Data
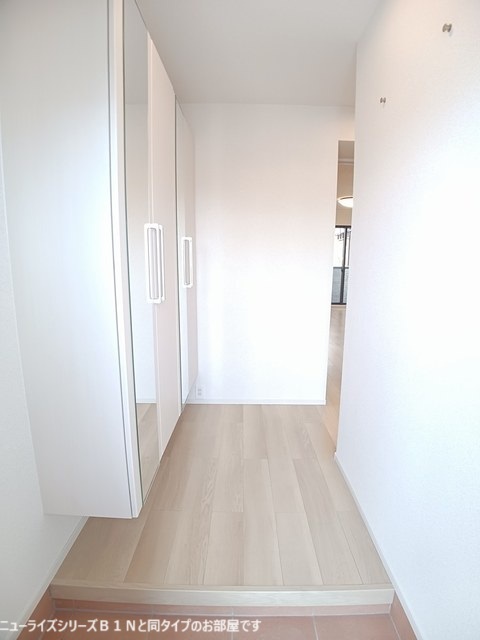 玄関　※現状と異なる場合がございます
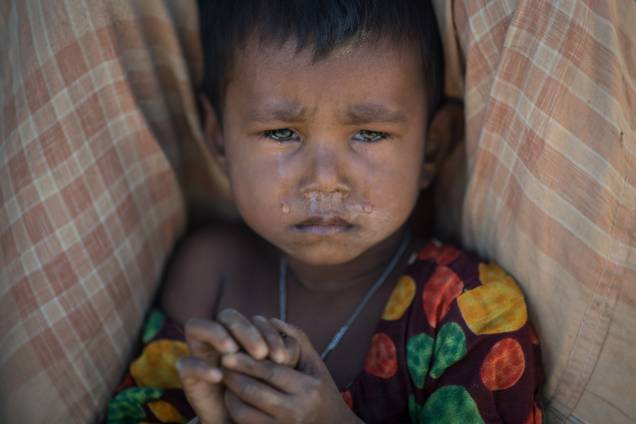 Criança refugiada rohingya chora enquanto se senta no campo de refugiados de Kutupalong no Coaz's Bazar em Bangladesh - 04/12/2017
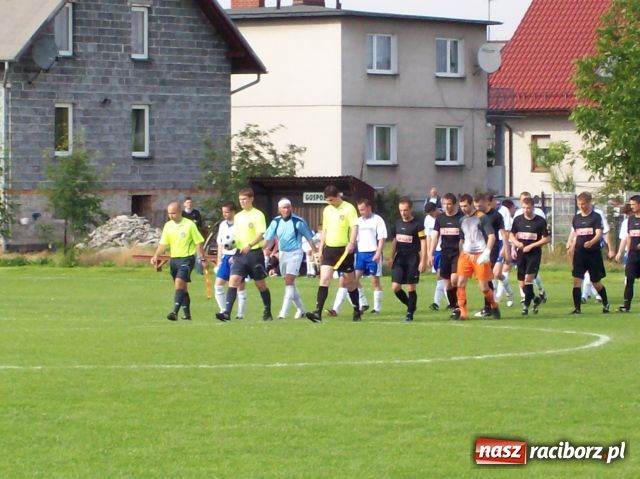 Zdjęcie w galerii na portalu naszraciborz.pl: Płomień zgasił Krzyżanowice wiadomości z regionu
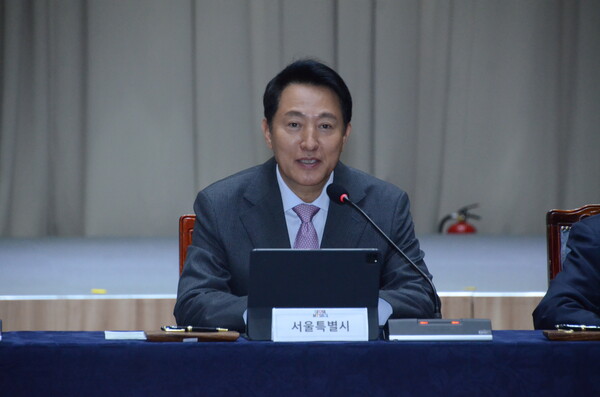 오세훈 서울시장이 '서울배달+ 땡겨요 활성화를 위한 치킨 프랜차이즈 상생 협약식'에서 발언하고 있다. 사진=한국프랜차이즈산업협회 제공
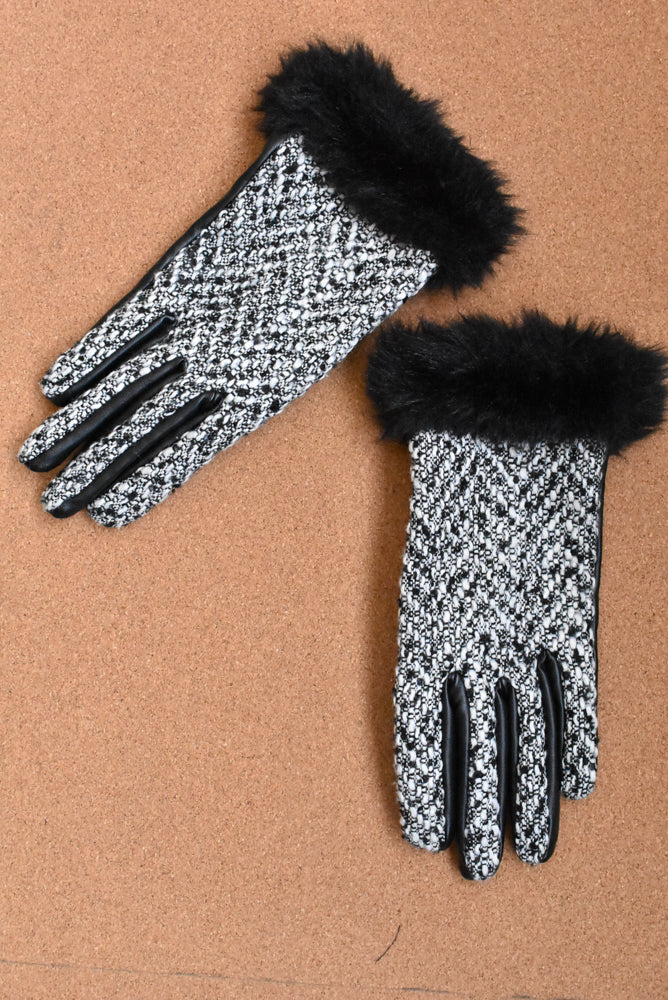 Faux leather & fur black gloves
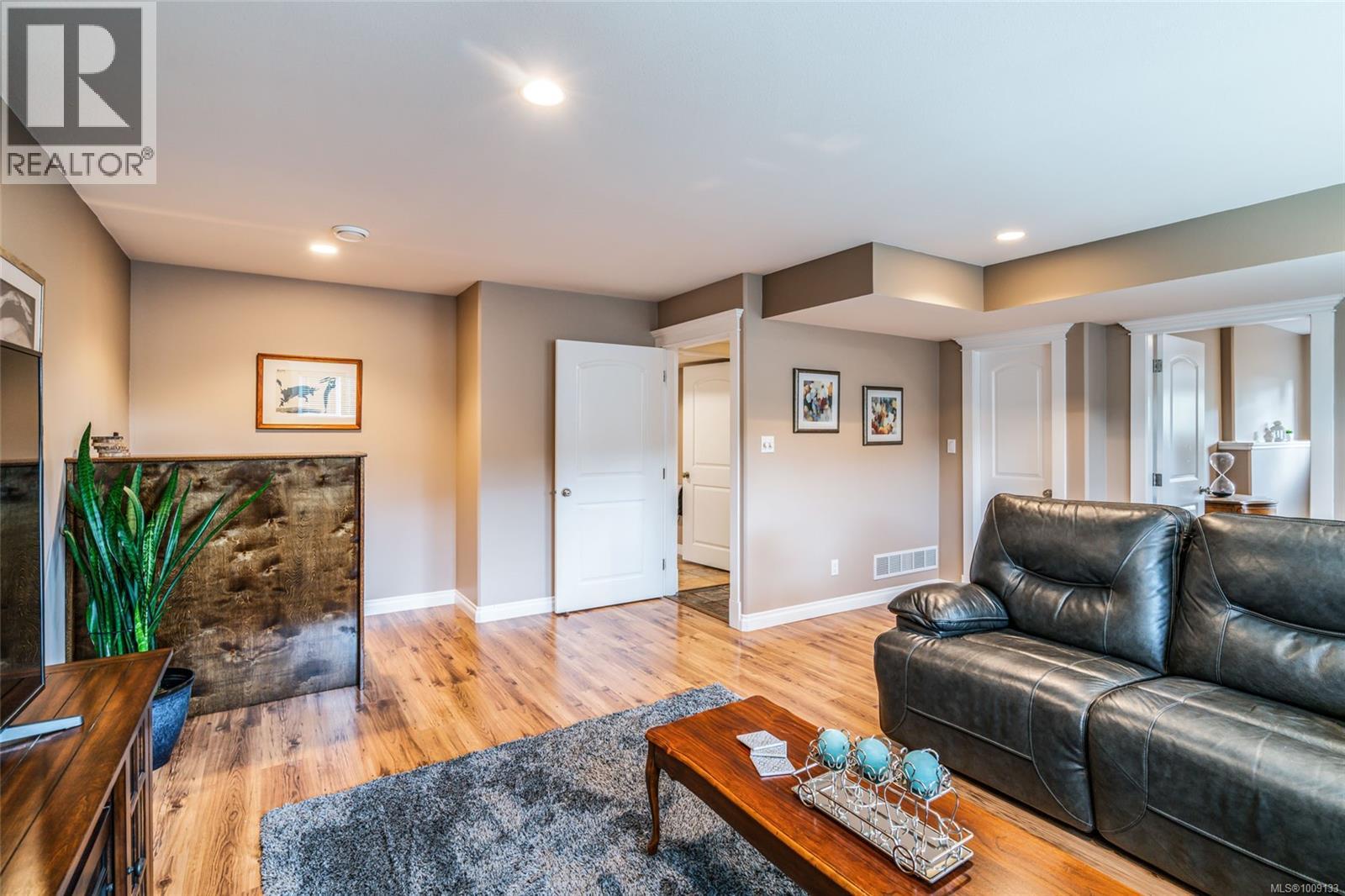 Photo 7 of 1623 Stone Lake Dr, Nanoose Bay BC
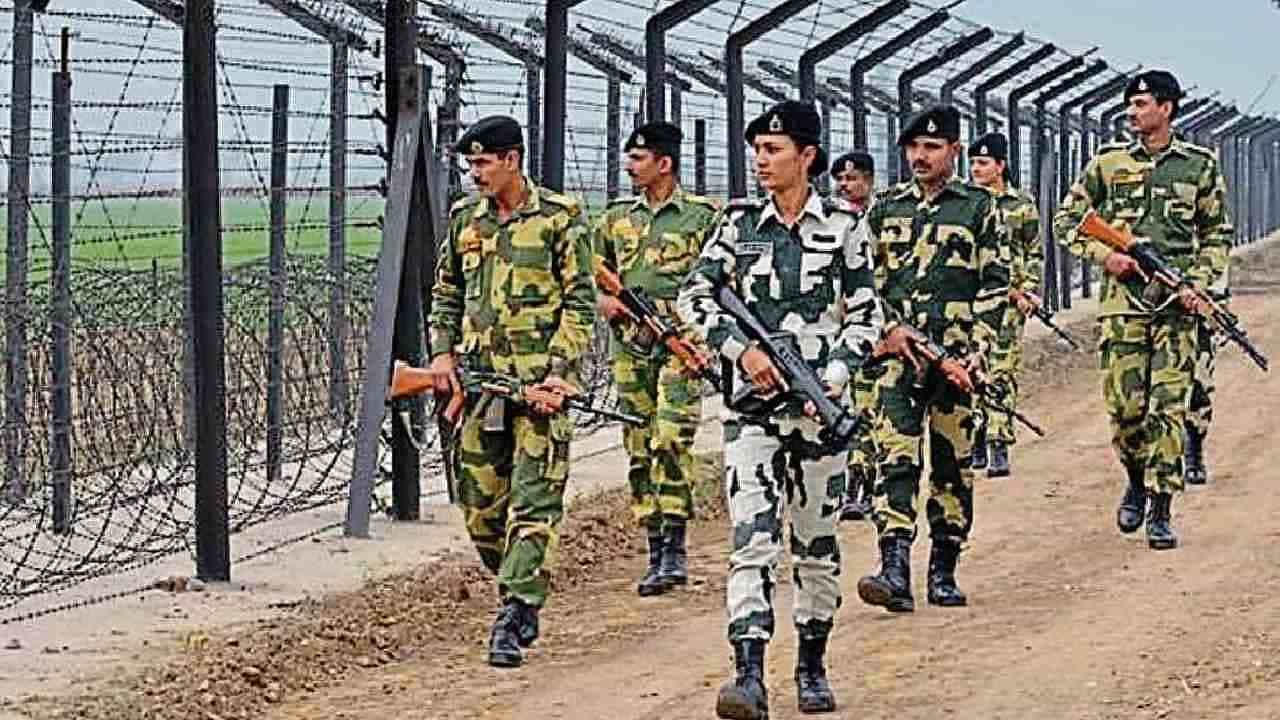 BSF Recruitment 2022: 10ನೇ ತರಗತಿ ಪಾಸಾದವರಿಗೆ BSF ನಲ್ಲಿ ಉದ್ಯೋಗಾವಕಾಶ BSF Recruitment 2022: 10ನೇ ತರಗತಿ ಪಾಸಾದವರಿಗೆ BSF ನಲ್ಲಿ ಉದ್ಯೋಗಾವಕಾಶ
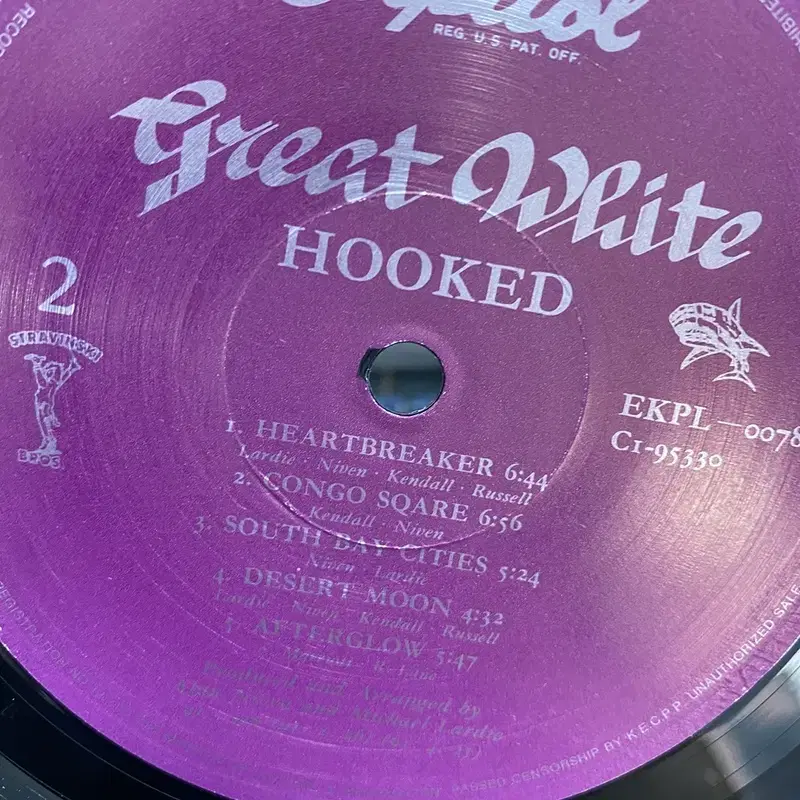 GREAT WHITE HOOKED LP / AA4315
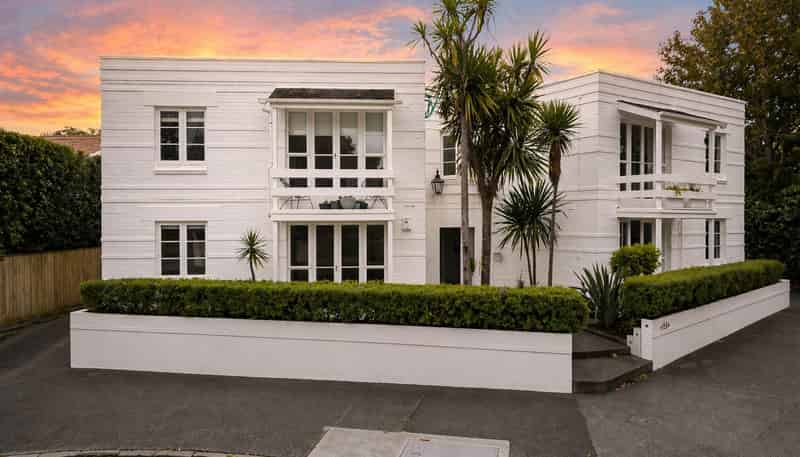 2/2 Herne Bay Road, Herne Bay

Assignment
Keep the pictures out of your copy. Copy only the lines from the line that holds "오세훈 서울시장이 '서울배달+" through the last line of the listing above, both included.

Solved exercise
 오세훈 서울시장이 '서울배달+ 땡겨요 활성화를 위한 치킨 프랜차이즈 상생 협약식'에서 발언하고 있다. 사진=한국프랜차이즈산업협회 제공
 Faux leather & fur black gloves
 Photo 7 of 1623 Stone Lake Dr, Nanoose Bay BC
 BSF Recruitment 2022: 10ನೇ ತರಗತಿ ಪಾಸಾದವರಿಗೆ BSF ನಲ್ಲಿ ಉದ್ಯೋಗಾವಕಾಶ BSF Recruitment 2022: 10ನೇ ತರಗತಿ ಪಾಸಾದವರಿಗೆ BSF ನಲ್ಲಿ ಉದ್ಯೋಗಾವಕಾಶ
 GREAT WHITE HOOKED LP / AA4315
 2/2 Herne Bay Road, Herne Bay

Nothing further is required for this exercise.